E per chi si va in Africa?
Per quella mamma, quel papà, quella famiglia che hai incontrato, per quel bambino che hai perso per malnutrizione e avresti potuto salvare. È per quel volto, quindi, ma quel volto poi si allarga fino a vedere quello in cui credi, fino a sentire di dovere restituire qualcosa. È poi c’è la gioia infinita di vedere gli occhi di quel ragazzo o di quella ragazza che hai fatto studiare per farli diventare ostetrica o infermiere. Come Amina, che mi ha abbracciato dicendomi: «Sono tra le ragazze che si sono laureate a Juba. Sono orgogliosa».

Si può partire anche solo dai resti di un ospedale in mezzo al nulla…
Nel 2007 a Yirol in Sud Sudan ci troviamo davanti soltanto una prateria sconfinata con dei ruderi. Ci viene incontro un pastore con le sue mucche, si avvicina a noi e ci dice con una dignità incredibile: «Piacere, sono il direttore dell’ospedale». Lì intorno non c’era nulla, ma abbiamo capito che bisognava crederci. Ecco l’importanza di iniziare a ricostruire, per dare un segnale, sentire che quella speranza, quel sogno diventa gradualmente verità, diventa realtà se hai consapevolezza del valore enorme di quell’inizio. Mettere una pietra sopra l’altra: quel sogno è partito, è l’inizio di un mondo diverso.

Ma in un primo momento in quell’ospedale non veniva nessuno…
La gente non ti dà subito la sua fiducia, te la devi guadagnare. Vogliono capire per quali ragioni sei lì. Noi rimaniamo degli extraterrestri in situazioni in cui non c’è nulla. Ecco l’importanza dei tempi lunghi per la cooperazione. È stato così a Yirol: le persone vedono come vivi, dove stai, se soffri con loro anche la fame.
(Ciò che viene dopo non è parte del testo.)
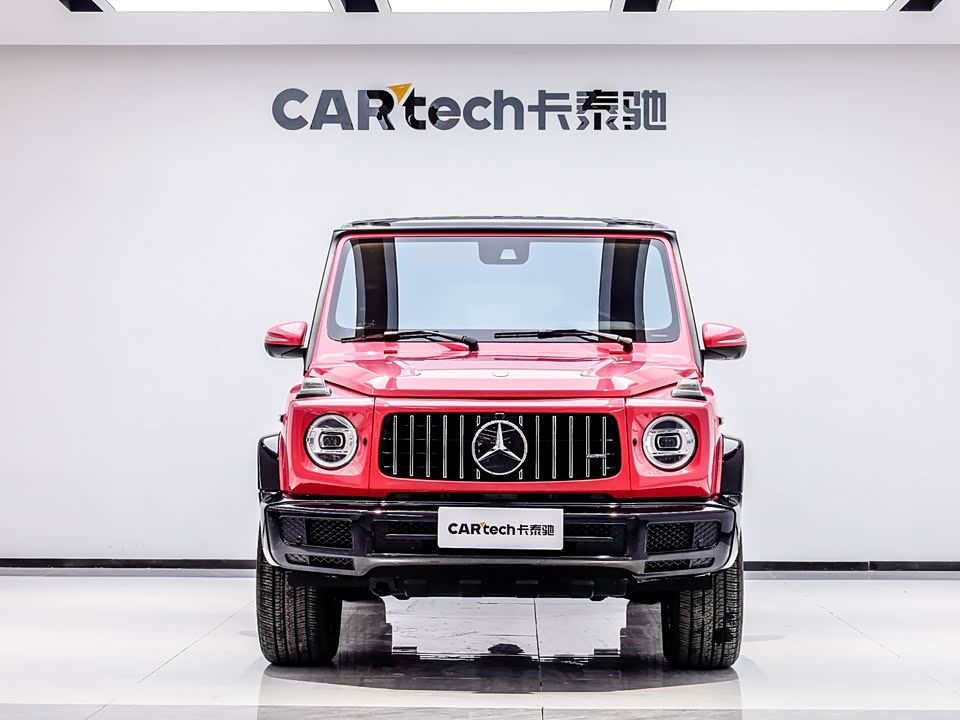 Mercedes-Benz G-class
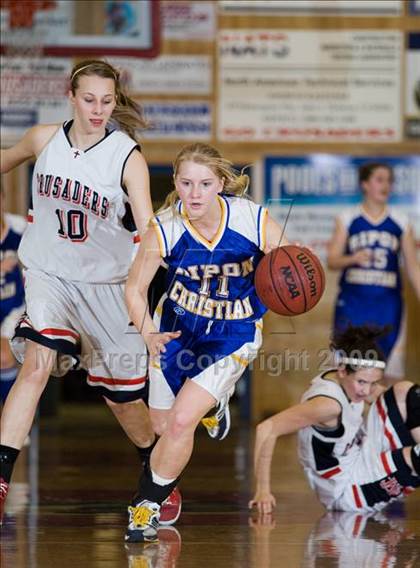 Thumbnail 3 in Ripon Christian @ Modesto Christian photogallery.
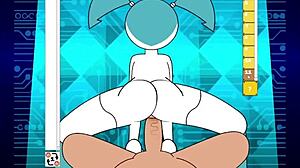 A collection of anime and manga featuring a teenage robot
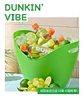Dunkin' Zero Iced Tea lima y uva - Miniatura 6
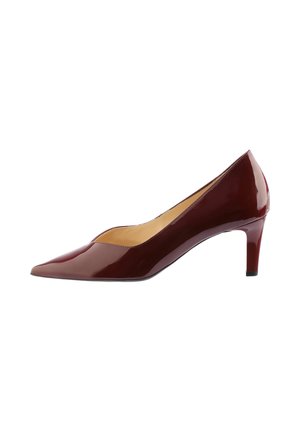 MARGOT - Klassieke pumps - carbernet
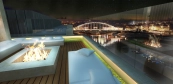 Lounge terasa plánovanie a realizácia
Solo così siamo passati da 300 parti all’anno a 1.500.

Che rapporto avete con i donatori?
Dobbiamo essere responsabili dei fondi che ci vengono donati, renderne conto. Quante volte mi è stato detto con sufficienza: «Le donazioni son soldi buttati via che non cambiano nulla». Ma se io ti presento dei risultati, ti faccio vedere che in un anno ho sostenuto un certo numero di madri, di bambini, di pazienti, ti mostro cosa si può fare. Ecco perché il nostro rapporto annuale è pieno di numeri: corrispondono alla responsabilità verso i donatori. Senza di questo si corre il rischio di non essere efficaci. E non possiamo permettercelo.